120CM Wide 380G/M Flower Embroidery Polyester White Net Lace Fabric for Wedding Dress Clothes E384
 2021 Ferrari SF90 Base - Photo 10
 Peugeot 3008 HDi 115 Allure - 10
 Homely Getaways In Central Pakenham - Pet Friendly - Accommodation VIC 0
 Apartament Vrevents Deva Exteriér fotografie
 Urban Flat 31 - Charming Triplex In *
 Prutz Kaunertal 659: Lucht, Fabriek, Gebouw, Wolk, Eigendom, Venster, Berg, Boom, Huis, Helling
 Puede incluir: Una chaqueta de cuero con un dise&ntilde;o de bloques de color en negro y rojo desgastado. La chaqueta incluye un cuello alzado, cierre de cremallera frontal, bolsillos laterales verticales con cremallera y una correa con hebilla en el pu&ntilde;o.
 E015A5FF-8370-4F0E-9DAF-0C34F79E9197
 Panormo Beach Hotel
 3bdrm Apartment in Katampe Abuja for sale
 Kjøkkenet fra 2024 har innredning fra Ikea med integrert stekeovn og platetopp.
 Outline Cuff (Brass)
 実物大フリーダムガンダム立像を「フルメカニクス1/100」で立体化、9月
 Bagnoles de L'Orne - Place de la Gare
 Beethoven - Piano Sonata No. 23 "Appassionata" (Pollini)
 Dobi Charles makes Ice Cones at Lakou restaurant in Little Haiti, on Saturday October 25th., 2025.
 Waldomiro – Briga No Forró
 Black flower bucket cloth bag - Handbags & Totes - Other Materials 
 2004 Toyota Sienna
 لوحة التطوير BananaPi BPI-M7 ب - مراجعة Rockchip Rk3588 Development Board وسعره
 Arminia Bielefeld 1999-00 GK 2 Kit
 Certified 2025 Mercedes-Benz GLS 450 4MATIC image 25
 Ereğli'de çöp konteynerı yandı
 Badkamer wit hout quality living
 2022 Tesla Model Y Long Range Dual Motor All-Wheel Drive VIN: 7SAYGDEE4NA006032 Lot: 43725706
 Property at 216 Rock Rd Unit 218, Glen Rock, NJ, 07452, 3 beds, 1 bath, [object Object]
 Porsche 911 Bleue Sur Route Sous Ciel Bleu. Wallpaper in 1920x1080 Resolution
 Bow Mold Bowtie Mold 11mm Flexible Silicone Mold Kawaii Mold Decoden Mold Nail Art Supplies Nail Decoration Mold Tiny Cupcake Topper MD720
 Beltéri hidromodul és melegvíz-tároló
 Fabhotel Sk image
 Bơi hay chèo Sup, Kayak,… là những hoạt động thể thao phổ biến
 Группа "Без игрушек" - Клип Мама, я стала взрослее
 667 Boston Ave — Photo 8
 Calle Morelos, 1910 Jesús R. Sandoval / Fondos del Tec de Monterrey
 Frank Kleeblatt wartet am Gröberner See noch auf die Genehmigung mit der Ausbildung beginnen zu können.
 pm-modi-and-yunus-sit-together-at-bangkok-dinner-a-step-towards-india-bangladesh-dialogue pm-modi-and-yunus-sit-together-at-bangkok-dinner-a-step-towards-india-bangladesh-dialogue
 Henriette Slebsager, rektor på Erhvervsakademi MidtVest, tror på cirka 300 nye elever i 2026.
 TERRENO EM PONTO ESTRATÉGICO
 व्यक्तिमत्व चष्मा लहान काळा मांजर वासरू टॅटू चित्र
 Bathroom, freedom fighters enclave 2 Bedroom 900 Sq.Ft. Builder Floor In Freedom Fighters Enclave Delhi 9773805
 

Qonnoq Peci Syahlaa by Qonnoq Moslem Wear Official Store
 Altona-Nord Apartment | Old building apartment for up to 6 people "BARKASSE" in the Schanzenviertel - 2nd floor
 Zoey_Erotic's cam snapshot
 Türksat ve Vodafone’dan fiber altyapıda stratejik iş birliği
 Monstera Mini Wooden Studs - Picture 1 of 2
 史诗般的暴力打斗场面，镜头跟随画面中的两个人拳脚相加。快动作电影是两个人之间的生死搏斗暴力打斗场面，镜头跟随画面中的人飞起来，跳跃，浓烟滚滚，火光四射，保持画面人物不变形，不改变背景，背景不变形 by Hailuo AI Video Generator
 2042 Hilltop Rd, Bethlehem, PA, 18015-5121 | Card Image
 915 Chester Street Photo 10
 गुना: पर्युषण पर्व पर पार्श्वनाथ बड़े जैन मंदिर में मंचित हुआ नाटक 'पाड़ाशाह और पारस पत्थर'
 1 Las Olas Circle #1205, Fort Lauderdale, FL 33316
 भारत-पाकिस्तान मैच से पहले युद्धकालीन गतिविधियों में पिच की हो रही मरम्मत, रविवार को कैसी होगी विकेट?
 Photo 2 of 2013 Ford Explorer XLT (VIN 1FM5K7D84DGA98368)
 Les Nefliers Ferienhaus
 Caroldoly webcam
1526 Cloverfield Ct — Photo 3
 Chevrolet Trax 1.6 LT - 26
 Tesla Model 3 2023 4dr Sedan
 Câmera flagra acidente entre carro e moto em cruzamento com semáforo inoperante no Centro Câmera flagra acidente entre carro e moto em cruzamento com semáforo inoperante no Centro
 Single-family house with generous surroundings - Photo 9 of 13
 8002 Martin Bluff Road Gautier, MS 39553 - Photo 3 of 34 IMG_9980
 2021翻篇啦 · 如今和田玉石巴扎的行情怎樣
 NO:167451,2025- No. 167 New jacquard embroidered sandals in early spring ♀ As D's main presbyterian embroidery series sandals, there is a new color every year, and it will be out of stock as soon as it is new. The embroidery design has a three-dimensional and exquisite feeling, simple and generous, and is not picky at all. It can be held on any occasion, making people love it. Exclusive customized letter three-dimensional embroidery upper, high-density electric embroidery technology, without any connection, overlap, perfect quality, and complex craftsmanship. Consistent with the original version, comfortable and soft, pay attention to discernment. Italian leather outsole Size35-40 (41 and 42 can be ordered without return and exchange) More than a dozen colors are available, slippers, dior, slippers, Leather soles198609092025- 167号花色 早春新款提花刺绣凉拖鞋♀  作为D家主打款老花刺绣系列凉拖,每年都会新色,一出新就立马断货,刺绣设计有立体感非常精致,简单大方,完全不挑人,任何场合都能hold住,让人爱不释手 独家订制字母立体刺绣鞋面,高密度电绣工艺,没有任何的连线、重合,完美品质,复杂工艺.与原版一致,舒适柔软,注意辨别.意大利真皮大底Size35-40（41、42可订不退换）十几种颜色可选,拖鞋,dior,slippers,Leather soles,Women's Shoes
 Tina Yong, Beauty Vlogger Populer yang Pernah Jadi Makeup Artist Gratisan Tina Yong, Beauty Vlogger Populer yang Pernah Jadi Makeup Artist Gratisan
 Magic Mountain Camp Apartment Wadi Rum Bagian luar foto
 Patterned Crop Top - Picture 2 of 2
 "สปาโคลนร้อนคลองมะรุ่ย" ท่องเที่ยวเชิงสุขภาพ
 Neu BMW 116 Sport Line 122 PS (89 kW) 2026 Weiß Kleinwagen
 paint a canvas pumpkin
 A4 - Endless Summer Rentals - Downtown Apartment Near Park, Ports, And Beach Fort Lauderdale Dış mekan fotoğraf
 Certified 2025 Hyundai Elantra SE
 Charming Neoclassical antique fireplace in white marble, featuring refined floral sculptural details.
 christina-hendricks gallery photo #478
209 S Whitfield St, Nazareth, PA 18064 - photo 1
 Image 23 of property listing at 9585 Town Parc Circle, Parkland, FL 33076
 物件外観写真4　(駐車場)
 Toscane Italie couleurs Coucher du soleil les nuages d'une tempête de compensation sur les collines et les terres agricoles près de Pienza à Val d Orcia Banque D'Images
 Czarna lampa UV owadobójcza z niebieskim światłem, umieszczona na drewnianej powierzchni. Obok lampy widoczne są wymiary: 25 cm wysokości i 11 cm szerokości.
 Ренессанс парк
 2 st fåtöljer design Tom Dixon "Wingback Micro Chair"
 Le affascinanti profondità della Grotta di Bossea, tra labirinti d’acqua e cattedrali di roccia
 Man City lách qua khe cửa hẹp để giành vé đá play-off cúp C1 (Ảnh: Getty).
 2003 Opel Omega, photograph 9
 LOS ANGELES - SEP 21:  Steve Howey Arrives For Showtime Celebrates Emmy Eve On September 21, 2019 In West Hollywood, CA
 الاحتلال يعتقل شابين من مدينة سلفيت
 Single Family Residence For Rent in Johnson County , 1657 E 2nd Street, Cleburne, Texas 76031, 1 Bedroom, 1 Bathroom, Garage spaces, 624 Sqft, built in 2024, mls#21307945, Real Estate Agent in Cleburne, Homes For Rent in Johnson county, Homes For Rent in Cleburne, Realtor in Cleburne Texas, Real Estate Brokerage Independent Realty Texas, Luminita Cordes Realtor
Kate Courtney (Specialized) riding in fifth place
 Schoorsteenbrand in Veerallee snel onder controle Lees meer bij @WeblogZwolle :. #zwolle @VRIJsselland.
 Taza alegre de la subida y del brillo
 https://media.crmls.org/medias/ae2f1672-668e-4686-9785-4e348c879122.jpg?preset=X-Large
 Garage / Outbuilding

════════

Where the line holding "Homely Getaways In" appears in the listing above, start reproducing exactly, and end with the line holding "Boom, Huis, Helling".

YOUR RESPONSE.
 Homely Getaways In Central Pakenham - Pet Friendly - Accommodation VIC 0
 Apartament Vrevents Deva Exteriér fotografie
 Urban Flat 31 - Charming Triplex In *
 Prutz Kaunertal 659: Lucht, Fabriek, Gebouw, Wolk, Eigendom, Venster, Berg, Boom, Huis, Helling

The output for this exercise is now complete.